Key Efforts on Great Rivers
John Day River, Oregon
Without a single dam on its entire length, Oregon’s John Day River is the longest free-flowing river west of the Rockies. It winds through a land of basalt canyons and sagebrush plateaus, where big summer moons light up wide-open skies. With bighorn sheep, Rocky Mountain elk, upland game birds and great fishing, the river is prized by anglers, hunters, boaters and wildlife-watchers from around the West. WRC is working to conserve thousands of acres and dozens of miles of this wild river and its key cold-water tributaries. By creating Cottonwood Canyon State Park (now Oregon’s largest state park), WRC opened some of the first public access on the lower river. Now, upstream at Thirtymile Creek, WRC is working to conserve the most important steelhead tributary to the lower river and secure access to a prime boating put-in along a 70-mile stretch where public access is virtually nonexistent.

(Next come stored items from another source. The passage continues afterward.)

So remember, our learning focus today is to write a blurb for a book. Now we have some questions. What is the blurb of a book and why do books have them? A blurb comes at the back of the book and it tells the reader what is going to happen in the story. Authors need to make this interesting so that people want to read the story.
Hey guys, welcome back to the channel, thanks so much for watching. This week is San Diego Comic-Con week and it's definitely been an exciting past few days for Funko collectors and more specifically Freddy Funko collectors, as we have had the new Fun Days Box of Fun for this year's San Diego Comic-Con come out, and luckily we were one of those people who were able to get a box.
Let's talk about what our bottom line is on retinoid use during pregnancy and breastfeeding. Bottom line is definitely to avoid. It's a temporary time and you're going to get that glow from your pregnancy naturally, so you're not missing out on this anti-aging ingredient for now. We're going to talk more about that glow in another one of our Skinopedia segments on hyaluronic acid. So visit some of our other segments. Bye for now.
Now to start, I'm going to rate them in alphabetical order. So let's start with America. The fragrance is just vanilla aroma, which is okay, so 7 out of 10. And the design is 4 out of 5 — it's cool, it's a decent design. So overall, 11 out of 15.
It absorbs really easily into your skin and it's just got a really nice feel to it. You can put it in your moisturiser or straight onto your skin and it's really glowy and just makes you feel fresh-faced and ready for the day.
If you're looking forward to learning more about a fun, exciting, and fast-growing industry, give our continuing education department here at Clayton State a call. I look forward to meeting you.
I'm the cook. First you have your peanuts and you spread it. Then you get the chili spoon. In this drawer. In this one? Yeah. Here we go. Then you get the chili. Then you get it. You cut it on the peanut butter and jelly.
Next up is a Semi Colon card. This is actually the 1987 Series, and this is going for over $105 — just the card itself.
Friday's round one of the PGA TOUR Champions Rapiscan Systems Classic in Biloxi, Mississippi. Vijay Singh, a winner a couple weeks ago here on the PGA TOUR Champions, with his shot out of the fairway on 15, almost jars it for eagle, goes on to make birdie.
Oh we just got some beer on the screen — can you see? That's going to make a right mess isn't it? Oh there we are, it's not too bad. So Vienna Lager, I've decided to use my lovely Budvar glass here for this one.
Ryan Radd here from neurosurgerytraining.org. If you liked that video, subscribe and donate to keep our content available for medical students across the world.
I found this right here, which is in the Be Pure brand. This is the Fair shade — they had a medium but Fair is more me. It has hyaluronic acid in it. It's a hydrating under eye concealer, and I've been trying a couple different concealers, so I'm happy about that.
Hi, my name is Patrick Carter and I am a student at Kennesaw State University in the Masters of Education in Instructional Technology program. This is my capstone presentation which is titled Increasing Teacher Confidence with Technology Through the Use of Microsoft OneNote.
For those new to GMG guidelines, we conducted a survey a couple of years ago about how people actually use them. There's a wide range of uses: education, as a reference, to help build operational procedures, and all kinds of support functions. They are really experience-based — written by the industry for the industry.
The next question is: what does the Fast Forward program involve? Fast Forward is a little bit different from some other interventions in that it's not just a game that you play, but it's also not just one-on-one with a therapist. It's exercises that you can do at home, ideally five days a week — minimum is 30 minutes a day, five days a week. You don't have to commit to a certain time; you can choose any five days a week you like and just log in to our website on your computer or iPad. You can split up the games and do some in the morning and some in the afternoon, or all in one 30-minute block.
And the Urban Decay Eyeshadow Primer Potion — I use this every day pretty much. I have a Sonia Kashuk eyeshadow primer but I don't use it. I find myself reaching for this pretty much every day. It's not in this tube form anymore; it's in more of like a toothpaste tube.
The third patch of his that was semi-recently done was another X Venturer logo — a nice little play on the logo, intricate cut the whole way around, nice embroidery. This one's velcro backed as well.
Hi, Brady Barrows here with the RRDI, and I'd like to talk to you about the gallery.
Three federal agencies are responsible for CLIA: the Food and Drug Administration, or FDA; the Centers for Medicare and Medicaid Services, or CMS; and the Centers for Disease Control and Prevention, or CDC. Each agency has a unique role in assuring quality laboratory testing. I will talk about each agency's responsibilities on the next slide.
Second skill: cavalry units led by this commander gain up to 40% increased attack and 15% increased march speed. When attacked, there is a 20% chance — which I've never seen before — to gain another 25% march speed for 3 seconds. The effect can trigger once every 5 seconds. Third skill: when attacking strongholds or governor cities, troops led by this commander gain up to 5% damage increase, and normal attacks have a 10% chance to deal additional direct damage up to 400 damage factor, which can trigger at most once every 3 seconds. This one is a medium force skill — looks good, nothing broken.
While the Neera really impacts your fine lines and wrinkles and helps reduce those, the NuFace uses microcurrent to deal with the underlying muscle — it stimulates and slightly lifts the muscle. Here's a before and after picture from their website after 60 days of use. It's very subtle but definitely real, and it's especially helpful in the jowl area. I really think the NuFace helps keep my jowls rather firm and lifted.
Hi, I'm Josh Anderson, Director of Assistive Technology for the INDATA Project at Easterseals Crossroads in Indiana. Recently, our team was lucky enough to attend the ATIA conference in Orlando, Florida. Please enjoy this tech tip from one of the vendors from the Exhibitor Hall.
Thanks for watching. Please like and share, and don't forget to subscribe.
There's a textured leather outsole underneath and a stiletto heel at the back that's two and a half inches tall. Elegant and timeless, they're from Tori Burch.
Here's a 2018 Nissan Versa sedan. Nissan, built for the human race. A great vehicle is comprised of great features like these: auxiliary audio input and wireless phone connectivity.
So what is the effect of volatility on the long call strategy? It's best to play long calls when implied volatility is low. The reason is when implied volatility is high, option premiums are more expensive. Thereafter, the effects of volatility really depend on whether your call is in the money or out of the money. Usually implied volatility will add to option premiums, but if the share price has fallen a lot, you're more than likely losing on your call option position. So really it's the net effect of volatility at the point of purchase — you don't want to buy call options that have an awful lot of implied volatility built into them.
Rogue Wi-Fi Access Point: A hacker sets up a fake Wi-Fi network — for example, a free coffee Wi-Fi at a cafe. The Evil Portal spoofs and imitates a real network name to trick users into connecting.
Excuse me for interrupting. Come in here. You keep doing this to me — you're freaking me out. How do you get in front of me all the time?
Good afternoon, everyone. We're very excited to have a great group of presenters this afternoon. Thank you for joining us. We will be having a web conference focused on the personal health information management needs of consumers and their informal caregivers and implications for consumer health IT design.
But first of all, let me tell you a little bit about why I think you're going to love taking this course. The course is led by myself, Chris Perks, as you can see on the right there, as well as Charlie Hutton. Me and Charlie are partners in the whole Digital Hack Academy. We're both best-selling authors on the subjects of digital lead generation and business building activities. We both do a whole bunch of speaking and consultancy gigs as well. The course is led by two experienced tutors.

Upper Rio Grande, Colorado
On Colorado’s upper Rio Grande, WRC is conserving prime fish and wildlife habitat and working to open access to this iconic river and some of its finest tributaries. Its work is focused on the high San Luis Valley, which sits at the western edge of the Central Flyway and provides crucial habitat for an array of migratory bird species including ducks, cranes, geese and roughly 95 percent of the Rocky Mountain’s sandhill crane population.
Klamath River, California
In the heart of the northern California redwoods, WRC is working in partnership with the Yurok Tribe to create a vast cold-water sanctuary for salmon and steelhead. The focus is Blue Creek, the first tributary that fish encounter on their migration inland from the Pacific Ocean. The most important source of cold-water for the lower river, Blue Creek is a lifeline for the entire system. WRC is helping the Yurok acquire over 47,000 acres of land, which will become the Blue Creek Salmon Sanctuary and Yurok Tribal Community Forest. As a result of this effort, the Yurok will regain the core of its spiritual homeland, and more than 73 square miles of temperate rainforest will be managed for conservation and health of the Klamath-Siskiyou region’s rare fish and wildlife.
Other Successes on Western Rivers
One of Western Rivers Conservancy’s earliest projects was in Montana, where it protected three miles of the Madison River at Three Dollar Bridge and ensured this cherished stretch of fly water will remain forever open to the public. In California, WRC conserved nearly the entire length of Goose Creek, the largest tributary to the Smith River, which is not only California’s last major undammed river, but one of the greatest rivers in the West. In Washington, WRC purchased and conserved nearly all the corporate-owned land along the Hoh River between Olympic National Park, which protects the headwaters, and the Pacific. The project ensured that the most biodiverse salmon stream in the Lower 48 was protected from headwaters to the mouth, and improved access for boaters, anglers, hikers and other river lovers.